**EXERCISE GOAL:** Transcribe only the lines of the listing below from the one holding "6134 Waters Edge" through the one holding "Jakbar aktifkan posko", inclusive, without any change.

Content starts

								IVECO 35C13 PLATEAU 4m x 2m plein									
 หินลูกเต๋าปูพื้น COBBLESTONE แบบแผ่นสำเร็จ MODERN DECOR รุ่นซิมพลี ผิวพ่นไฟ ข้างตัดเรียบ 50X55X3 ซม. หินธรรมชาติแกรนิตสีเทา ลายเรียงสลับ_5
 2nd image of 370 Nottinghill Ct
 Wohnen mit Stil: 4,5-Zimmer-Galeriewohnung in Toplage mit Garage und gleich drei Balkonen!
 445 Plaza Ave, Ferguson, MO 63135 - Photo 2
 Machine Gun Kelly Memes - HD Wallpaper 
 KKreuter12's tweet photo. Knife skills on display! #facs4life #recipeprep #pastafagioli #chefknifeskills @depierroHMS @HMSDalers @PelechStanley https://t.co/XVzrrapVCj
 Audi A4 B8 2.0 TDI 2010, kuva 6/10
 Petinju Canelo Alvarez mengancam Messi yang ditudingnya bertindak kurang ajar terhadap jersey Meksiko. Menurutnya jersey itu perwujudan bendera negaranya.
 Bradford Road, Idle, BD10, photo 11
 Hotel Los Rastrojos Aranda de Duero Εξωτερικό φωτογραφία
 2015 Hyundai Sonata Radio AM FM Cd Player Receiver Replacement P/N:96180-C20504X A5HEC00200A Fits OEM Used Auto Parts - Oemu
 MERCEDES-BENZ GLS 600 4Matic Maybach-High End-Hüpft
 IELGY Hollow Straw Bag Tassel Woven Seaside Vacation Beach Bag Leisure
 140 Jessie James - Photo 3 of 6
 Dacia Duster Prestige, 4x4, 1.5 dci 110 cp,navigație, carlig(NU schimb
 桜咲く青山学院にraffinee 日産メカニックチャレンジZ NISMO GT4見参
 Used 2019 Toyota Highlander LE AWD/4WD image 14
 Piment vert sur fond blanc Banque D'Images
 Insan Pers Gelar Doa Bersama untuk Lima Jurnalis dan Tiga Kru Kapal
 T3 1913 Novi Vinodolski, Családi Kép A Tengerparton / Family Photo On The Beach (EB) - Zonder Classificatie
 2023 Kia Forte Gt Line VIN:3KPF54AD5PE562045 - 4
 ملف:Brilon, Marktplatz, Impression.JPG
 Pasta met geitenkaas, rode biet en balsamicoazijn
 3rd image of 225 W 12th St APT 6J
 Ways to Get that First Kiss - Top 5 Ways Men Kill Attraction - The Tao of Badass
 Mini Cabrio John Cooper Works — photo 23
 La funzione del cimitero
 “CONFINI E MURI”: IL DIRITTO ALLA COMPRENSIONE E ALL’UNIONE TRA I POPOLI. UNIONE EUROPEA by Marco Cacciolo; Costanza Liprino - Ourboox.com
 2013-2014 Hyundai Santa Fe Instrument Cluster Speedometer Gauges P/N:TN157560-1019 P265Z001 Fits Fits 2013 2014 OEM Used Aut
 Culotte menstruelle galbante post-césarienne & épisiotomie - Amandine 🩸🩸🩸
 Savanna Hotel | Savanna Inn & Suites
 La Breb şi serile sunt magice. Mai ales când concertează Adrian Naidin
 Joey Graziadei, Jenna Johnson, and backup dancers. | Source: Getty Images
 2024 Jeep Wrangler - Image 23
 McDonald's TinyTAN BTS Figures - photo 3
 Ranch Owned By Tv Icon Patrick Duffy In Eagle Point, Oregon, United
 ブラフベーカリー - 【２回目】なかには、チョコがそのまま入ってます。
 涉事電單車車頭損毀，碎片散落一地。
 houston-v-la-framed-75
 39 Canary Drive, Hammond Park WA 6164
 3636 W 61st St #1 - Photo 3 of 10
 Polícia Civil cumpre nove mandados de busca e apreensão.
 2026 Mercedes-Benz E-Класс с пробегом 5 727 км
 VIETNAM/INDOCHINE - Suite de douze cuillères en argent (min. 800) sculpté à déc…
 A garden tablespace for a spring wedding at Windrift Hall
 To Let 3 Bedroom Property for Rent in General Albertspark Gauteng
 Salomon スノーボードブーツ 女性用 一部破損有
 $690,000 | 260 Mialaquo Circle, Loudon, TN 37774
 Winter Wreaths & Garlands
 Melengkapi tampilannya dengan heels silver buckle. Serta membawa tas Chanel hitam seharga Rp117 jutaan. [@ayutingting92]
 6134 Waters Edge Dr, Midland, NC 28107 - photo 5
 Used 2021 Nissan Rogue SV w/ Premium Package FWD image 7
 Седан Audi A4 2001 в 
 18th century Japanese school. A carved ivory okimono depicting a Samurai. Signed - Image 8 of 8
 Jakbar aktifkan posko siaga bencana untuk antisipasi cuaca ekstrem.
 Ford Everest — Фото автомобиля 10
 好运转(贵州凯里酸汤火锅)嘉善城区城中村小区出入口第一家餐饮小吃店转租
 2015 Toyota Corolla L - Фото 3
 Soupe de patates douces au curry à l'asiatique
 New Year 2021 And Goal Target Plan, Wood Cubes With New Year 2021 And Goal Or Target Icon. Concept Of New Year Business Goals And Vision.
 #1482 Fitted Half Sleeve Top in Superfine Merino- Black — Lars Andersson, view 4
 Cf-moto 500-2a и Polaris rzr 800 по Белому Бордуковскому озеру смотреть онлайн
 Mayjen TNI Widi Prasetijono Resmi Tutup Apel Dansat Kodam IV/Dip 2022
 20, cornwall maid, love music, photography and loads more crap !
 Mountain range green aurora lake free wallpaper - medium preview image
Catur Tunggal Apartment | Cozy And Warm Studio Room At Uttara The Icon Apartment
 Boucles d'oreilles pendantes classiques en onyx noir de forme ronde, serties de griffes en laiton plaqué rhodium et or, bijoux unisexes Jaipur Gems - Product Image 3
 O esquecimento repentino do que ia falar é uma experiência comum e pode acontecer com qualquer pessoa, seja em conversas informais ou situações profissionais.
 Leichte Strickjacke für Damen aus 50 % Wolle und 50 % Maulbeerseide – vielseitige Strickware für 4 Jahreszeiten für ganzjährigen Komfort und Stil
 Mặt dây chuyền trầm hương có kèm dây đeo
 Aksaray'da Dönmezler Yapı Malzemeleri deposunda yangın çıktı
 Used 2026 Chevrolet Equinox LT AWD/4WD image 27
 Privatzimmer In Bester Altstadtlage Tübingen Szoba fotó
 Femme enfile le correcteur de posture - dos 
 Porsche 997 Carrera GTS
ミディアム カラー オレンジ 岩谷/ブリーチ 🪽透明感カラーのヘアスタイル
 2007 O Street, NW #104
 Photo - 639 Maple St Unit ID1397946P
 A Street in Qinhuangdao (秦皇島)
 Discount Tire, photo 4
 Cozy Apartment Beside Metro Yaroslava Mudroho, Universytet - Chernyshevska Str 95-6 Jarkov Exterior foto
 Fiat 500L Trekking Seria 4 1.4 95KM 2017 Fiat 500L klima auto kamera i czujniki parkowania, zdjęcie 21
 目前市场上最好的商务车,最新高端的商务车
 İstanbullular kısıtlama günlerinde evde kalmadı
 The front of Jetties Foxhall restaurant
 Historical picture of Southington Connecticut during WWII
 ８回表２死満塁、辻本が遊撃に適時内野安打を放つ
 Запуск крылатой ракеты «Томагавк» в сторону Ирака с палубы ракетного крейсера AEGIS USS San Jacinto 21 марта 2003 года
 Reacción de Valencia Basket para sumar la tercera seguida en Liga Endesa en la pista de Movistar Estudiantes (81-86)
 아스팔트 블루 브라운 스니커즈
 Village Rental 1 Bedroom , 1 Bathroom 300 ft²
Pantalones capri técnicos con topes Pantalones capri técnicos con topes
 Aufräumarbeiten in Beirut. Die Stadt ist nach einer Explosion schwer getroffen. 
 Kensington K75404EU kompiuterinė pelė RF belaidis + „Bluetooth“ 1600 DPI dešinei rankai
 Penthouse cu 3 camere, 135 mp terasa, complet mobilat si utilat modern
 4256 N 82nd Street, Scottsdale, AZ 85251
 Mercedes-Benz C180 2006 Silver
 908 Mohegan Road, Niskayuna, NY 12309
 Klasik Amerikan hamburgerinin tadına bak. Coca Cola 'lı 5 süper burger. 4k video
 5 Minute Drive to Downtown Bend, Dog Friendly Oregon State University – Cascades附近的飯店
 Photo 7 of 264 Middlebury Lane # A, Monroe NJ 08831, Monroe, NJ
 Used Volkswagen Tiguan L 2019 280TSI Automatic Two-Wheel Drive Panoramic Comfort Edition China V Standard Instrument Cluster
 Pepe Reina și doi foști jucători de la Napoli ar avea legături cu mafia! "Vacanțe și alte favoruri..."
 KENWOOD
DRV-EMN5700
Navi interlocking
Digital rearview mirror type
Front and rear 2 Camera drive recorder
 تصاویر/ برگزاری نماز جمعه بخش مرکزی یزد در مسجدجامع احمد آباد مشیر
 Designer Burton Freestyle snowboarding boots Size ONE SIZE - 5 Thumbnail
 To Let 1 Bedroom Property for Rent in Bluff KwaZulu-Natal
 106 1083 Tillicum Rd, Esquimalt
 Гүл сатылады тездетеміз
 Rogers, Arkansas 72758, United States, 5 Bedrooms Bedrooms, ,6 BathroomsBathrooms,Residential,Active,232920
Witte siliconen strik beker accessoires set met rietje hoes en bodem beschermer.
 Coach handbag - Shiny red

Content ends

**THE COMPLETED TASK:**
 6134 Waters Edge Dr, Midland, NC 28107 - photo 5
 Used 2021 Nissan Rogue SV w/ Premium Package FWD image 7
 Седан Audi A4 2001 в 
 18th century Japanese school. A carved ivory okimono depicting a Samurai. Signed - Image 8 of 8
 Jakbar aktifkan posko siaga bencana untuk antisipasi cuaca ekstrem.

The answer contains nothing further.